To generate test cases we take the original 5-tuple set (min, min+, nom, max-, max) and perform the Cartesian product of these values. The end product is a much larger set of results than we have seen before.

We can see from the results in figures 7.1 that worst case testing is a more comprehensive testing technique. This can be shown by the fact that standard Boundary Value Analysis test cases are a proper subset of Worst-Case test cases.

These test cases although more comprehensive in their coverage, constitute much more endeavour. To compare we can see that Boundary Value Analysis results in 4n + 1 test case where Worst-Case testing results in 5^{n }test cases. As each variable has to assume each of its variables for each permutation (the Cartesian product) we have 5 to the n test cases.
For this reason Worst-Case testing is generally used for situations that require a higher degree of testing (where failure of the program would be very costly)with less regard for the time and effort required as for many situations this can be too expensive to justify.

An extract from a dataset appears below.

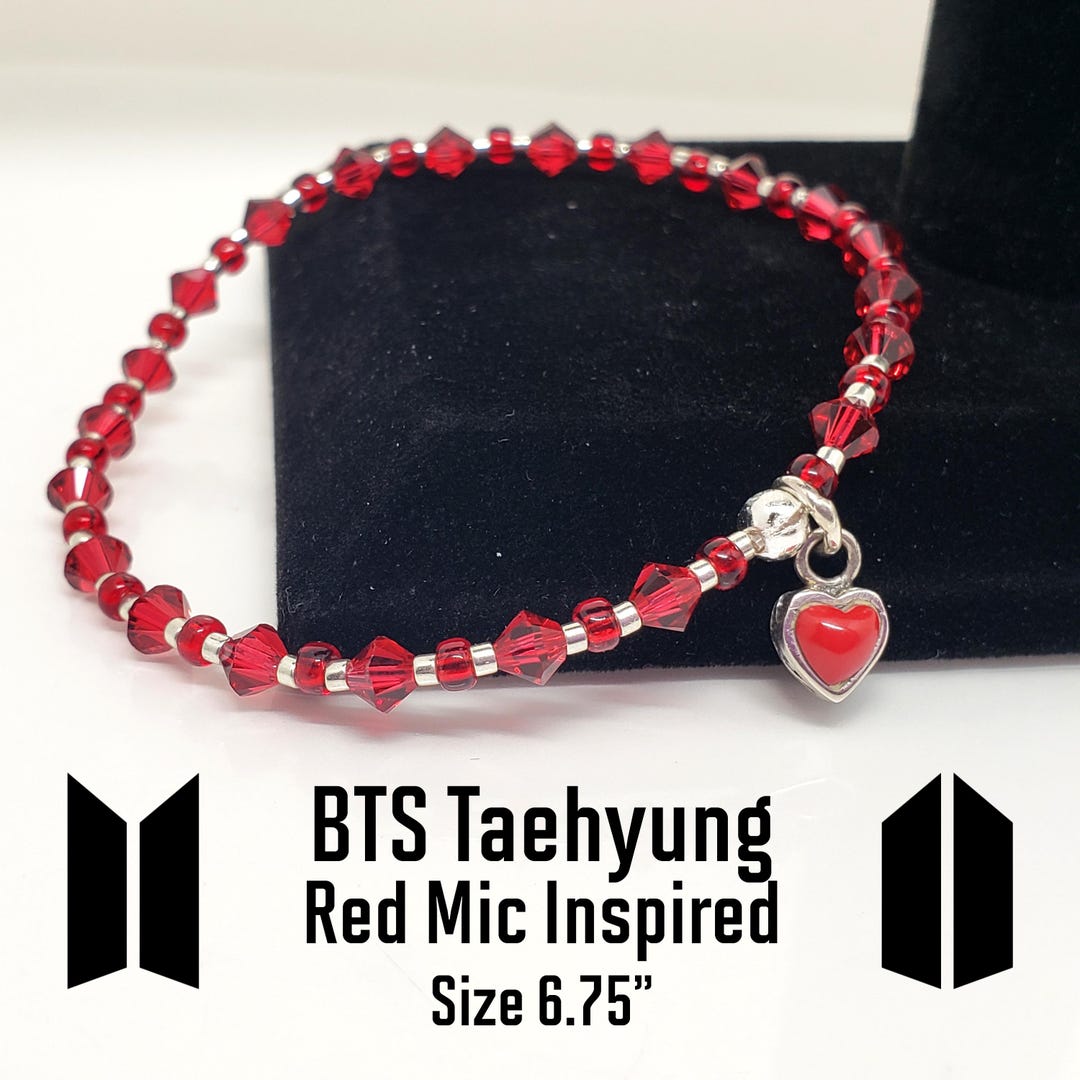BTS V Taehyung Bracelet Inspired by Red Mic Swarovski Crystals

__7.1 Robust Worst-Case Testing__

If the function under test were to be of the greatest importance we could use a method named Robust Worst-Case testing which as the name suggests draws it attributes from Robust and Worst-Case testing.

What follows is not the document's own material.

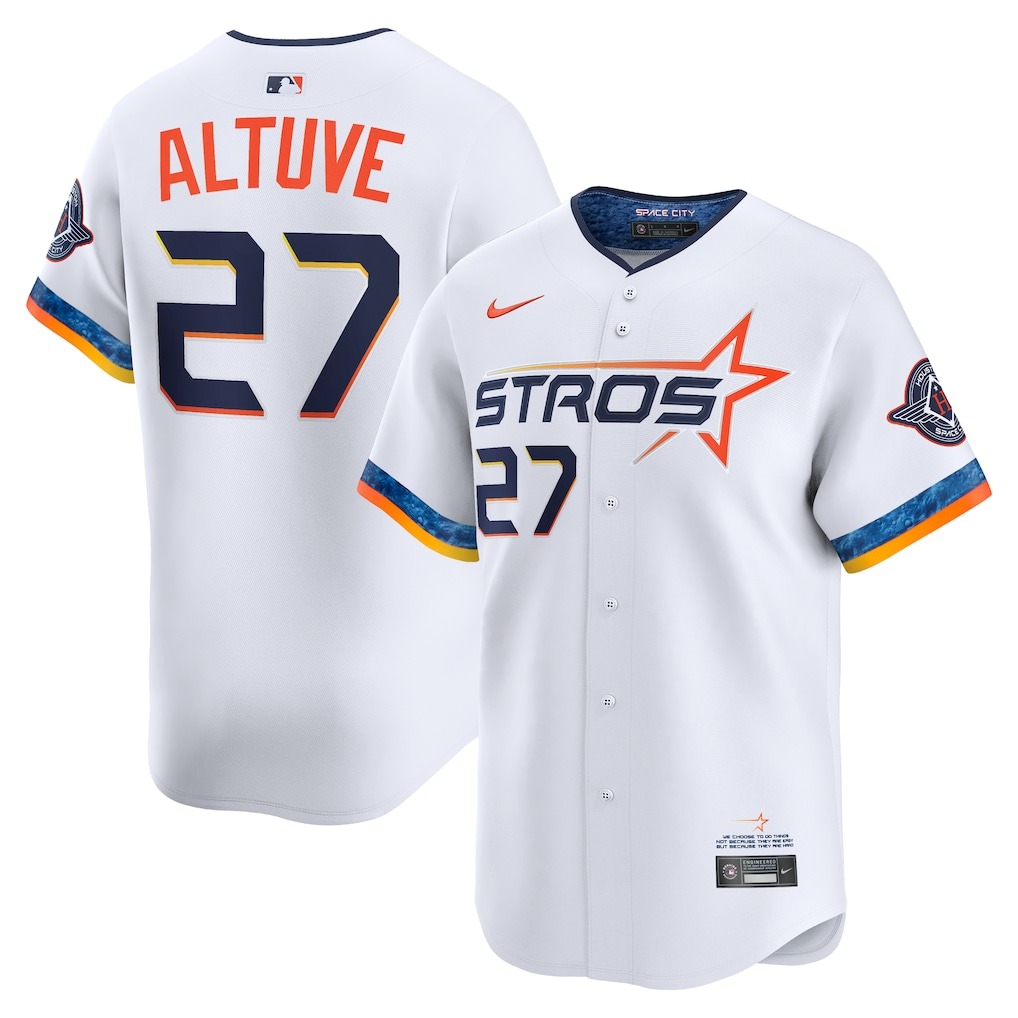 Jose Altuve Houston Astros Nike 2025 City Connect Limited Player Jersey - White-1 Jose Altuve Houston Astros Nike 2025 City Connect Limited Player Jersey - White-1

Test cases are constructed by taking the Cartesian product of the 7-tuple set defined in the Robustness testing chapter. Obviously this results in the largest set of test results we have seen so far and requires the most effort to produce.We can see that the function f (to calculate the number of test cases required) can be adapted to calculate the amount of Robust Worst-Case test cases. As there are now 7 values each variable can assume we find the function f to be:

f = 7^{n}

This function has also been reached in the paper A Testing and analysis tool for Certain 3-Variable functions [2].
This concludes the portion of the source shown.